Bushrui, whose father studied with Abdu'l-Baha, the son of Baha'u'llah, says it was ``a wondrous time of year.'' The Baha'i observances generally fell close to Ramadan and Easter, so that God's presence seemed palpable to him as a boy.

Not so for Andrew Adelman.

A San Jose city administrator, he grew up in Iran where the approximately 300,000 Baha'is are a persecuted minority. Because Islam insists that there are no prophets after Muhammad, Islamic authorities in Iran have often regarded the Baha'i community's allegiance to Baha'u'llah as a heresy.
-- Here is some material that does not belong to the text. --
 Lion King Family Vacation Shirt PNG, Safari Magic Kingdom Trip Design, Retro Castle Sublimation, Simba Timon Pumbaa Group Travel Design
Adelman says his great grandfather was killed by a mob in 1902 and that subsequent jailings and appropriations of property have forced other family members to flee. He remembers observing the Baha'i holy days in secrecy as a boy in Tehran.

During Ramadan, when Muslims fasted, he pretended to be Muslim. During the Baha'i fast, he became adept at finding reasons to leave the school cafeteria. There was one year when the family made a pilgrimage to the Baha'i shrine in the city of Shiriz, and upon returning to Tehran, he says, ``We told no one. That would have jeopardized our well-being in the neighborhood.''

Adelman moved to Berkeley in 1975 to study engineering at the University of California. His first Naw Ruz in the U.S. was a bust, coinciding with final exams.

But in the years since, one by one, his parents, brother and sister moved here. He married -- his wife, Jennifer, was raised in a small Baha'i community in Idaho Falls, Idaho -- and ``now we can celebrate these days the way they were meant to be celebrated.''

A family event

The Adelmans' two young daughters receive small gifts on each day of Ayyam-i-Ha, and will join their parents for dawn prayers during the fast when they are older.

Like so many Baha'i families in the U.S., the Adelmans are creating new traditions to celebrate their faith. San Jose's Baha'i community, so ethnically and racially diverse, will usher in the New Year with a lasagna dinner at the African American Community Service Agency at Sixth and Julian. When Baha'i parents visit their children's schools during the holy day season, they don't bring gingerbread cookies; some bring miniature, nine-sided Baha'i temples made of honeybread.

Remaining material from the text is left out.